A report, prepared by the team after analysing landslide sites in the state, further noted that road developers also need to determine the effect of anthropogenic (human) activities on the roads.
Submitted to Road Secretary Giridhar Armane last week, the report, accessed by ThePrint, also called for an audit of all the national highway (NH) stretches in the hilly terrain from a landslide hazard safety perspective and recommended drawing up remedial measures within the ambit of ongoing contracts.
The team also said that the Detailed Project Reports (DPC) should also include slope protection measures and methodology of construction. “The Detailed Project Reports (DPRs) shall invariably provide for detailed construction methodology before and after hill cutting,” the report said.
It added, “Standard Operating Procedures laying down steps to be taken after the occurrence of landslide may be prepared and made part of EPC document so that immediate measures at the site could be taken by the agency working at the site minimising the losses.” An EPC document is a contract document that stands for engineering procurement construction mode where the government bears 100 per cent funding of the project being implemented.
The team also said that vulnerable locations on each and every NH in Himachal Pradesh should be identified based on the landslide hazard studies prepared by Geological Survey of India and DRDO’s Defence Geoinformatics Research Establishment (DGRE), while the road ministry’s regional officers should carry out quarterly inspections of all such sites.
The inspection team, which included engineers from the road ministry, Public Works Department, Himachal Pradesh, and a scientist from DGRE, visited two locations in the state that witnessed massive landslides.
The first site was located on NH-5, which connects Shimla with Shipki La at the India-China border, where a landslide led to the deaths of 30 people on 11 August.
The second landslide occurred on NH-707 that connects Paonta Sahib to Hathkoti on 30 July. A 100-metre stretch of road collapsed on the highway, which was being upgraded into a two-lane roadway.

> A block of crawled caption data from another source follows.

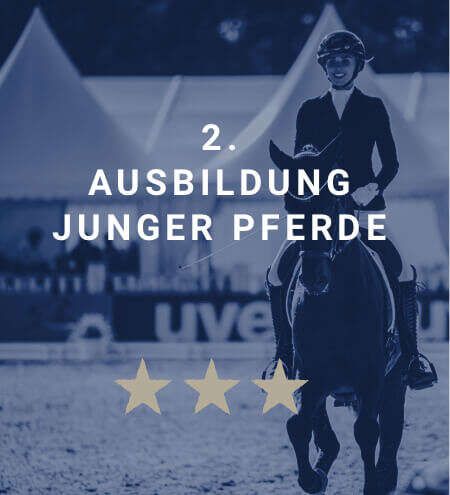 derby academy springpferde ausbildung blau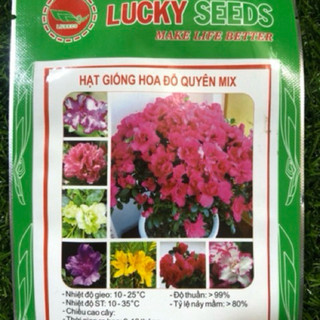 HẠT GIỐNG HOA ĐỖ QUYÊN MIX (30hạt/gói)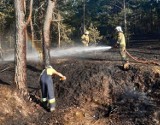 Pożar lasu w okolicach Dolnej Grupy. Wszystko przez... ognisko. W akcji dziewięć zastępów straży pożarnej i samolot gaśniczy [zdjęcia]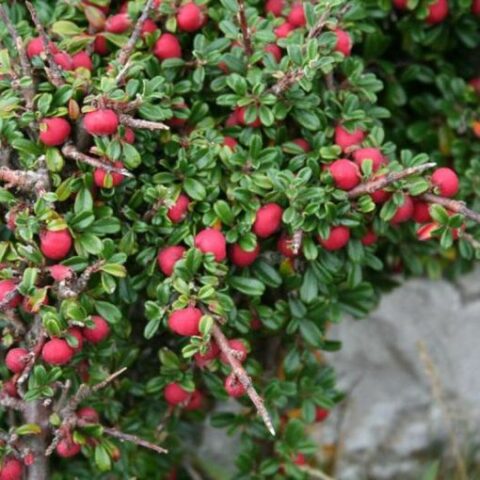 Cotoneaster microphyllus [Vaso 18cm]
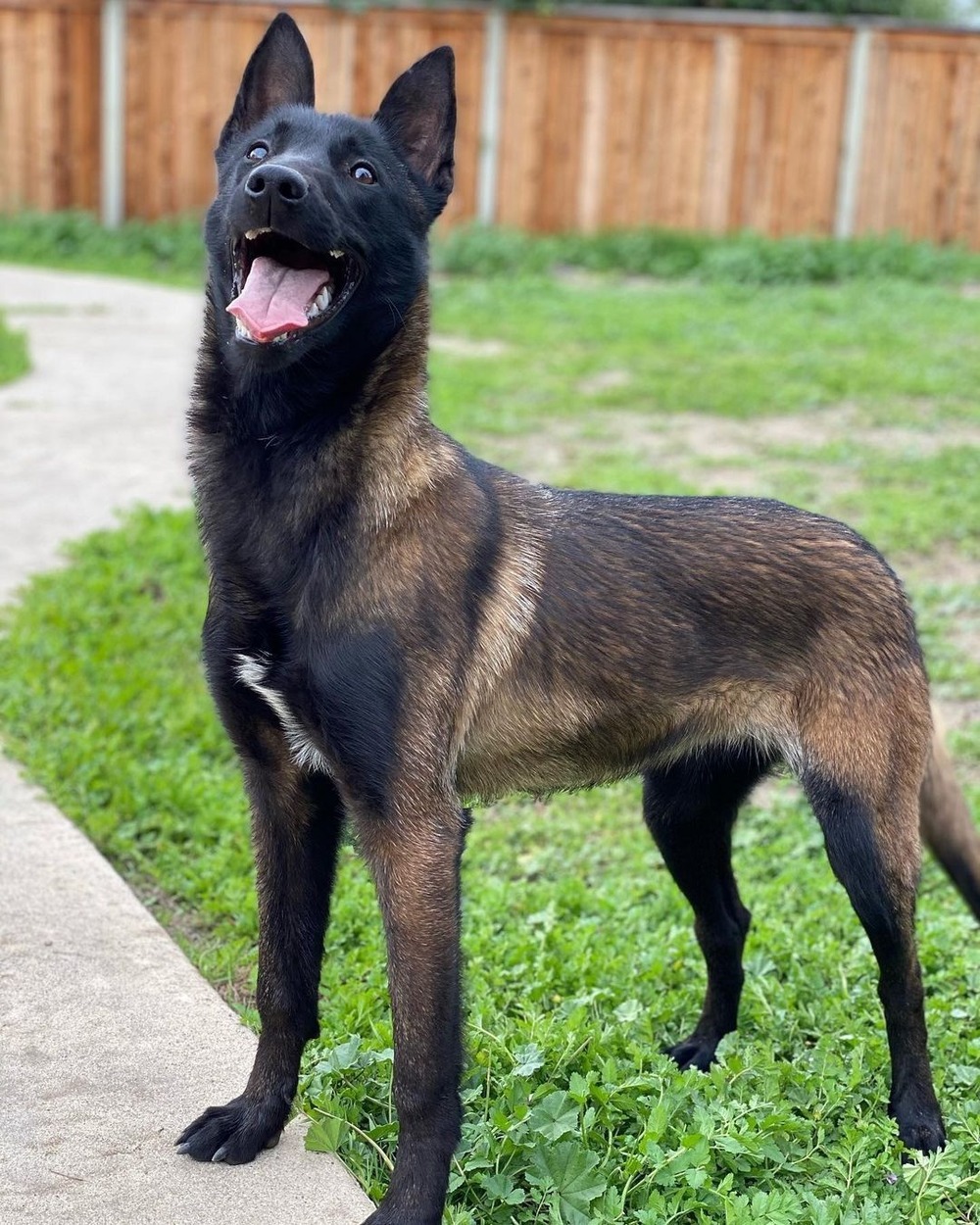 Belgian Malinois resting on grass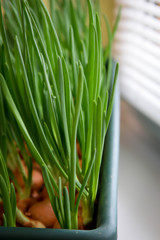 a garden of young onion on a window sill.Growing onions on the windowsill. Fresh green onions at home Indoor gardening growing spring onions in flower pot on window sill. Fresh sprouts of green onion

A road ministry official told ThePrint that the inspection team recommended a host of immediate, medium- and long-term measures to address the situation. “The ministry is going through the report before deciding on measures that could be adapted,” the official said.
The immediate measures include installing cautionary signs in the vicinity of potential landslide locations and round-the-clock vigil to forewarn commuters of any imminent landslide hazard at active landslide locations.
Need to create database of vulnerable locations
While the team did not directly blame road construction activities for landslides, it observed that such sites are vulnerable to landslide hazard.
It noted that anthropogenic activity was observed at NH-5, where the 11 August landslide occurred.
“Anthropogenic activity was observed in the area adjoining the crown of the slide failure. An electrical transmission tower at 30 meter distance of the crown, with inclination of 60 degrees and a small house at an inclination of 75 degree have been observed,” the report stated.
According to the report, such landslides have highlighted the need for preparation of a database based on interdisciplinary studies to arrive at landslide susceptible locations on the national highway network so that potential locations may be identified and monitored.
“The graded atlas based on the potential human and asset loss/damage vis a vis traffic intensity, importance of connectivity (could) be prepared and the priority based remedial plan to rectify all locations may be drawn up,” the report noted.